Practical Challenges to Deploying Highly Automated Vehicles
1:40pm - 3:00pm
1605 Tilia, Room 1103, West Village
This talk introduces some history of road vehicle automation and the SAE terminology for describing and classifying driving automation systems. It then focuses on the importance of connectivity of vehicles (vehicle-vehicle and vehicle-infrastructure) in order for automation to have favorable, rather than unfavorable, impacts on traffic congestion, smoothness, safety and energy/environmental impacts. The primary technical challenges in perception and safety assurance are then discussed, leading to conservative estimates of the time that is likely to be needed to introduce driving automation systems of different levels of capability in different operational design domains, and the additional time that will be needed for these systems to permeate the active vehicle fleet.

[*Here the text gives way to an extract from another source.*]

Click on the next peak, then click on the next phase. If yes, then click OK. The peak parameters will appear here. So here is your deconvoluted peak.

Dr. Steven Shladover has been researching road vehicle automation systems for 45 years, beginning with his masters and doctoral theses at M.I.T. He was the Program Manager, Mobility at the California PATH Program of the Institute of Transportation Studies of the University of California at Berkeley until his retirement in November 2017. He led PATH’s pioneering research on automated highway systems, including its participation in the National Automated Highway Systems Consortium from 1994-98, and has continued research on fully and partially automated vehicle systems since then. This work has included definition of operating concepts, modeling of automated system operations and benefits, and design, development and testing of full-scale prototype vehicle systems. His target applications have included cooperative adaptive cruise control, automated truck platoons, automated buses and fully-automated vehicles in an automated highway system.

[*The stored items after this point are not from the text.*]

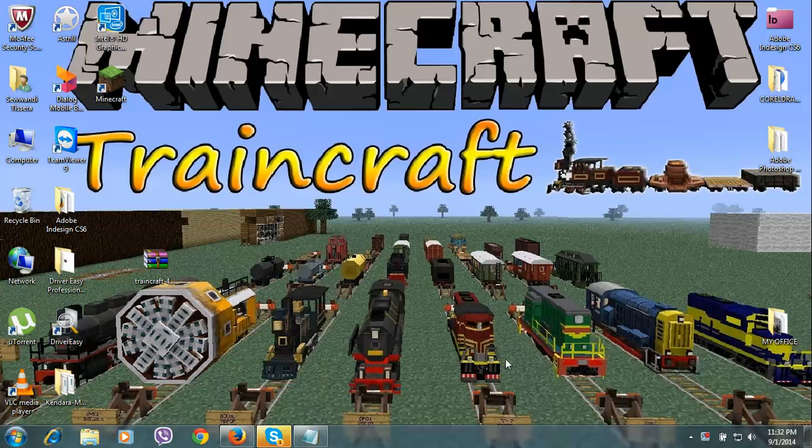First of all, install the latest version of Minecraft Forge, and then download Traincraft mod.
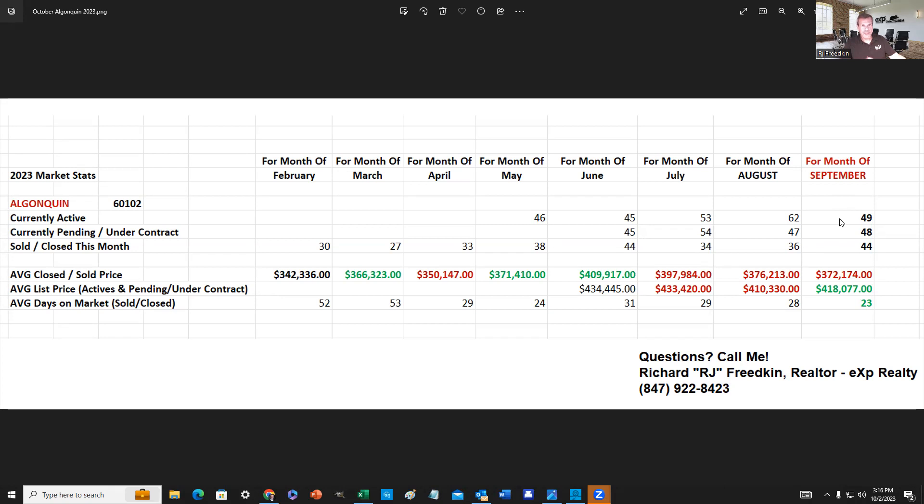As of the end of September, we had 49 homes that were actively on the market, not yet under contract. We had 48 that were currently under contract and pending, not yet closed, and 44 sales that had sold and closed as of the end of September.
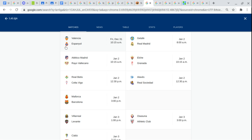Rayo Vallecano. Elche. Granada. Real Betis. Celta de Vigo. Alavés. Real Sociedad.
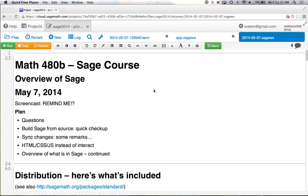All right, let's start. So I'll turn the lights down. Okay, so here's the plan for today. Questions. And I'll check up on your building Sage from source. I'll make a few remarks about some changes to how sync works. I'll show you something that might be relevant for some people's projects if you're perhaps running into limitations with Interact. And then we'll talk about an overview of several of the main components that are in Sage as some examples.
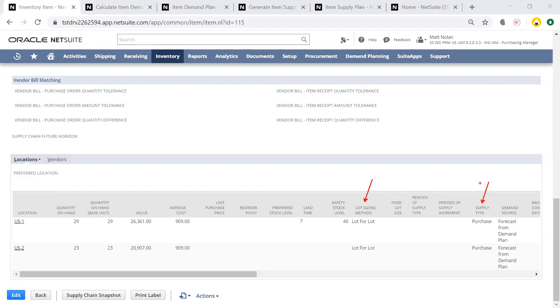Setting the supply type to purchase will generate purchase orders from our supply plan, but if this was an assembly item, I could set the supply type to build, so the output of my supply plan would be work orders rather than purchase orders.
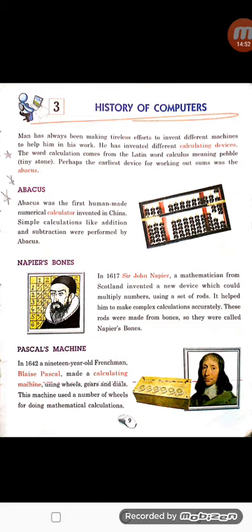So be prepared for your lecture test, and keep learning about computers.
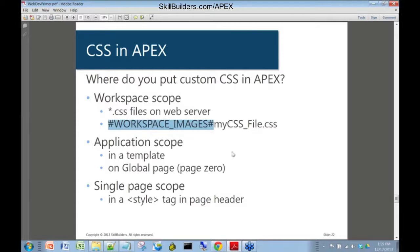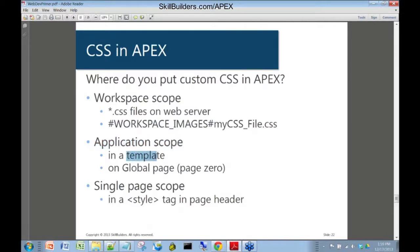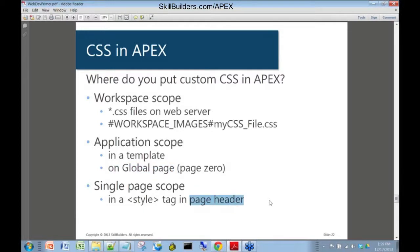You've got choices there. If you wanted the button only in a single application, you could do exactly what I just did — put it into a template — or you could put it in the header region on your global page, or page zero. That's another place you could put it. Or if this was simply a hard-coded style on one page, you could actually put the style tag into the page header itself.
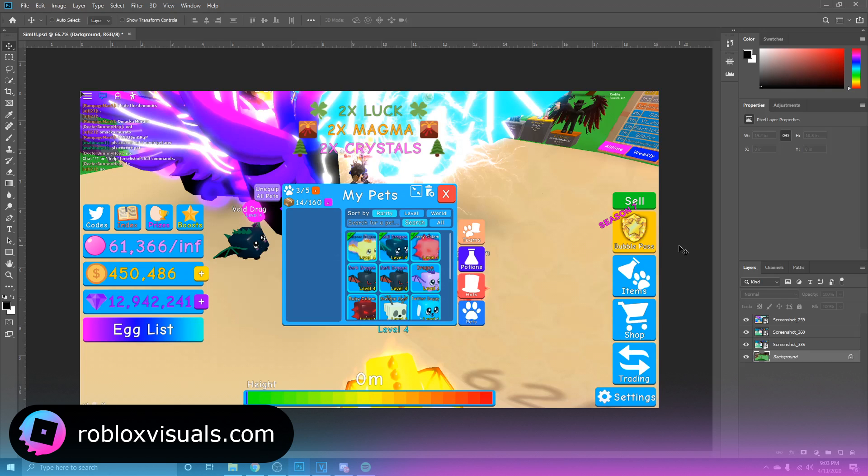Yo, what is going on everybody, welcome to a Roblox Visuals tutorial. Today we are going to be learning how to create simulator style UI. As you can see, simulators, if you haven't noticed, are the popular trend in Roblox games.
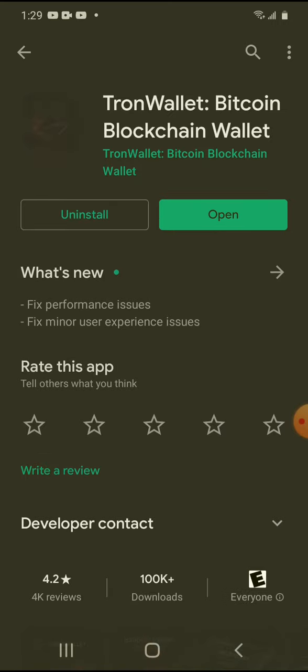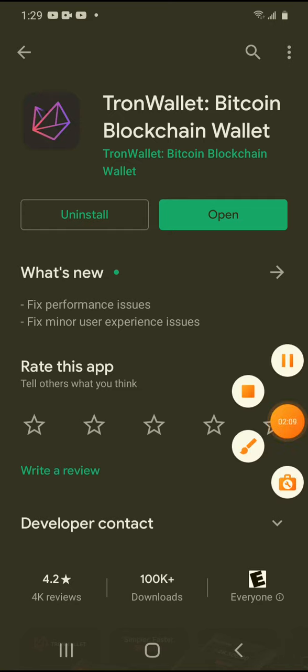I don't use it as much as I use Tron Wallet. So if you like this video explanation on how to get started with Bank of Tron, just subscribe for more. Leave a comment in the comment section, let me know what you think. Don't forget to click the notification bell and give the video a thumbs up. Thanks for watching — see you in the next video.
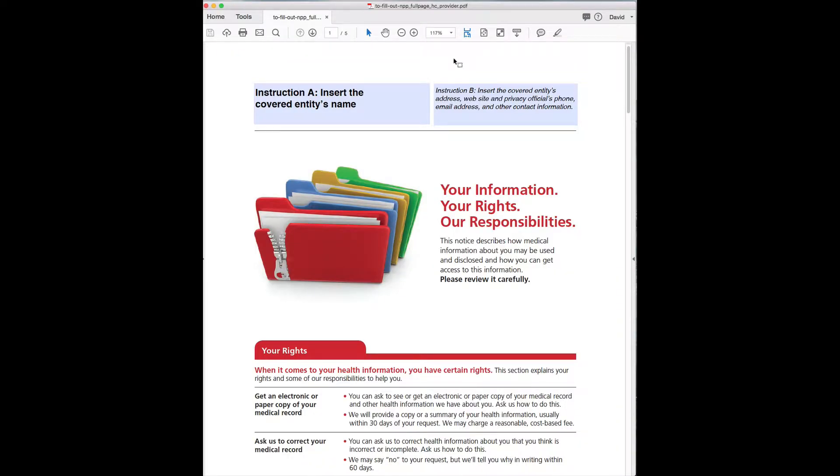In this video I want to show you how to edit the HIPAA notice. So you'll get a copy of this file and you double-click the PDF file that will open in Adobe Acrobat Reader. If you don't have Acrobat Reader, you can download it by doing a Google search for Adobe Acrobat Reader and you'll be able to edit this file.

Dr. Shladover joined the PATH Program in 1989, after eleven years at Systems Control, Inc. and Systems Control Technology, Inc., where he led the company’s efforts in transportation systems engineering and computer-aided control engineering software products. He chaired the Transportation Research Board (TRB) Committee on Intelligent Transportation Systems from 2004-2010, and currently chairs the TRB Committee on Vehicle-Highway Automation. Dr. Shladover leads the U.S. delegation to ISO/TC204/WG14, which is developing international standards for “vehicle-roadway warning and control systems”.